Efficient Deep Learning: A Practical Guide - Part 1
Knowledge Distillation
Why Knowledge Distillation ?
To kick off our journey into model compression, we start with one of the most powerful and widely used techniques: Knowledge Distillation. In this article, we will explore:
- What is Knowledge Distillation: The fundamental principles behind this method.
- Revealing the Dark Knowledge: How soft probabilities help transfer hidden insights.
- Training the Student Model: The loss function that balances hard labels with teacher guidance.
- How to Implement Knowledge Distillation in Practice: A hands-on example using FasterAI.
We will detail all the steps in the article below, and provide a practical example for you to apply this technique. There exist other variations of Knowledge Distillation, which could be part of a future series of articles, so stay tuned !
1. What is Knowledge Distillation?
Knowledge Distillation is an elegant model compression technique that transfers knowledge from a large, complex model (the "teacher") to a smaller, more efficient model (the "student"). First introduced by Hinton et al. in 2015, this approach has become one of the most effective methods for creating lightweight but powerful models.
The Core Concept
The fundamental insight behind Knowledge Distillation is that large neural networks learn rich internal representations that go beyond simply mapping inputs to correct outputs. These networks develop nuanced understandings of the relationships between classes, the importance of different features, and the structure of the data space.
Traditional model training forces networks to output hard decisions - "this image is a dog, not a cat" - but discards the valuable information contained in the confidence levels and secondary predictions. Knowledge Distillation preserves this rich information during the compression process.
Benefits of Knowledge Distillation
Knowledge Distillation offers several advantages:
- Efficiency: Smaller models require less memory and computational power at inference time.
- Speed: Distilled models execute faster, making them suitable for real-time applications.
- Deployment flexibility: Compressed models can run on resource-constrained devices like smartphones or IoT devices.
- Improved generalization: Student models often show better performance on unseen data than similarly-sized models trained from scratch.

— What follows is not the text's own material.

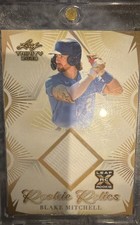2023 Leaf Trinity Mega Box - Rookie Relics Blake Mitchell #RR-9 (MEM, RC)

When to Use Knowledge Distillation
Knowledge Distillation is particularly effective when:
- You have a high-performing but overly large model that needs to be deployed in resource-constrained environments
- You need to maintain high accuracy while reducing inference time
- You want to transfer knowledge across different architectures or even different modalities
- You're working with limited labeled data but can leverage a pre-trained teacher
In the following sections, we'll explore exactly how Knowledge Distillation works, diving into the concept of "dark knowledge" and how we extract and transfer it from teacher to student.
2. Reveal the Dark Knowledge
But first, what is the Dark Knowledge ?
Dark Knowledge refers to subtle information contained in the probability outputs of a deep neural network. This information reveals how the model perceives the relationship between the different classes.
Let illustrate this with an example:
Let's say that we have trained a model to discriminate between the following 4 classes: [cow, dog, cat, car]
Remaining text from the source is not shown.